Folks referred to the heart of Andalusia simply as “town.”

Town was a geometry of eclectic shops, aromatic bakeries, quaint restaurants, and ostentatious law offices.  Its centerpiece, withdrawn from the bricked streets and manifold statues, was the courthouse, a commanding structure announced by wood-mold brick and a stately, neoclassical colonnade of imposing height and width.

Behind the courthouse, away from the square, pine trees steepled above a copper cranium dome where a clock, forever stuck at six, stared down like a panoptic cyclops.  Dad used to say that the courthouse was so daunting that William Tecumseh Sherman couldn’t bring himself to burn it.  Others said that Sherman spared the building, and much of the town, because he had a girlfriend there.

The belly of the courthouse was no less astounding.  Beneath a vast rotunda the tip-taps of loafers echoed off marble floors, up to the cupola above.  Adorned with handsome antiques and oil paintings and patterned in floral arabesques, the hallways led to various courtrooms and the judges’ cloistral chambers.  Busts of Washington, Jefferson, Story, and Kent guarded the ornamentally carved doors within these semi-sacred corridors that led, at length, to an oil portrait of Sir William Blackstone, a Bible in his right hand and a law book in his left, who greeted visitors, or so it seemed, with a mischievous smile.
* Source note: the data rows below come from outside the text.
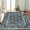 Dark Grey, variant on Area Rug for Living Room, Machine Washable Boho Rug for Bedroom, Low Pile Lightweight Thin Floral Vintage Distress Print Pattern Carpet for Dining Room
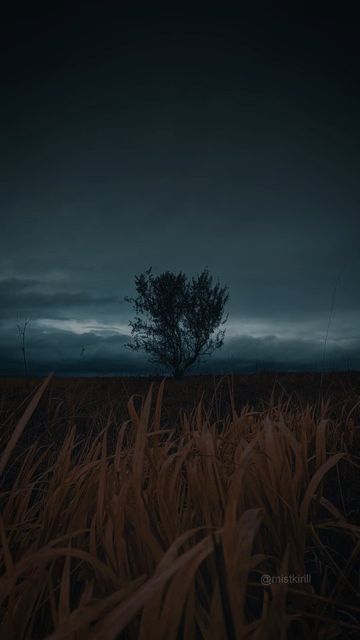 Moody Wallpaper Aesthetic, Moody Nature Aesthetic, Dark Country Aesthetic, Dark Sky Aesthetic, Dark Naturalism Aesthetic, Dark Moody Aesthetic, Venus Aesthetic, Fantasy Sky, Moody Sky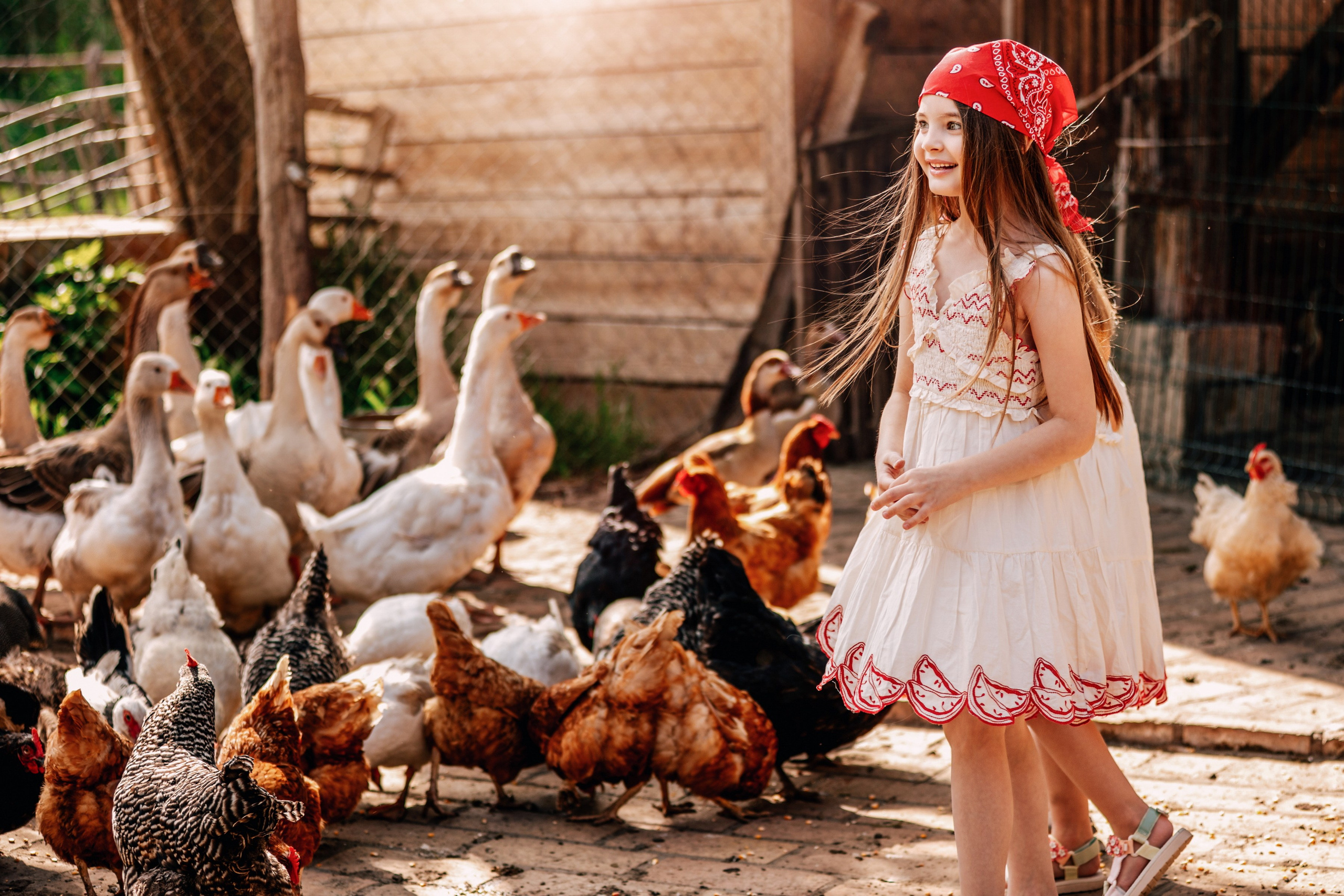 DEČIJA FOTOGRAFISANJA. Fotografi iz Backog Petrovca David i Andrea Stojanovic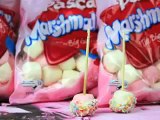 MARSHMALLOW EASTER TREATS Quick & easy white chocolate easter treats party snack or candy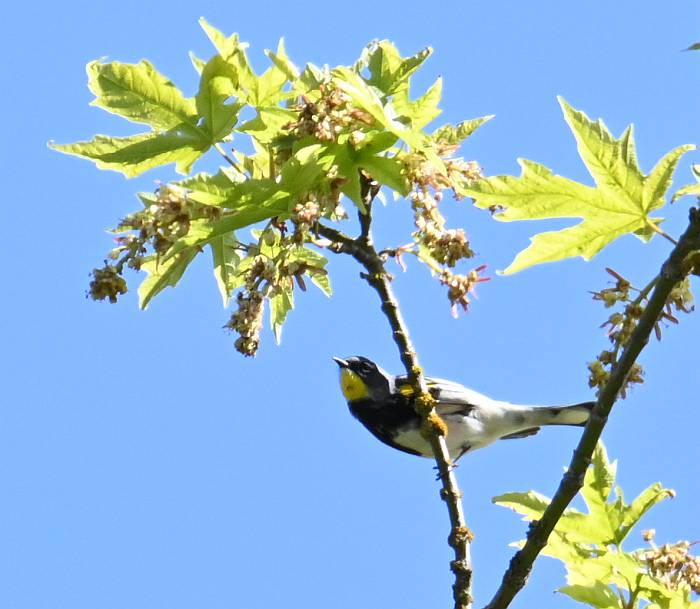 yellow-rumped warbler byrne creek burnaby bc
Georgian revival oak paneling lined the courtrooms.  Unfinished sketches of Andalusia’s legal legends—judges, prosecutors, government officials—filled the unpatronized rooms down the dark hallways leading to the judges’ chambers.  In the atrium, people of distinction, and some of disrepute, scuttled here and there, indifferent to any children, like me, who might have been wandering without supervision.

The courtrooms were eerie when vacant.  This, I suspect, had to do with Dad’s telling me once that if you listened closely, when no one was around, you could hear the faint echoes of long-ago closing arguments sounding from the rafters.  Dad also claimed that, because Sherman had spared the courthouse, these disembodied voices belonged to lawyers living before the Civil War, or, as he called it, the War Between the States.  They alone of their generation endured as apparitions to monitor the halls of justice, he said.

Outside the courthouse, each weekday, around noon, lawyers in tweed and seersucker filled the town square, smoking pipes or cigars, conversing about politics and recent cases, the noisy industry of sparrows and crows convening at their feet.  Sometimes lawyers would grab a bourbon at Bar Noon, or at the rowdier Y’all Come Back Saloon.  Because drinking was considered out of keeping for a lawyer, most of the bench and bar carried flasks or didn’t drink at all.  Those who didn’t drink lost the most cases.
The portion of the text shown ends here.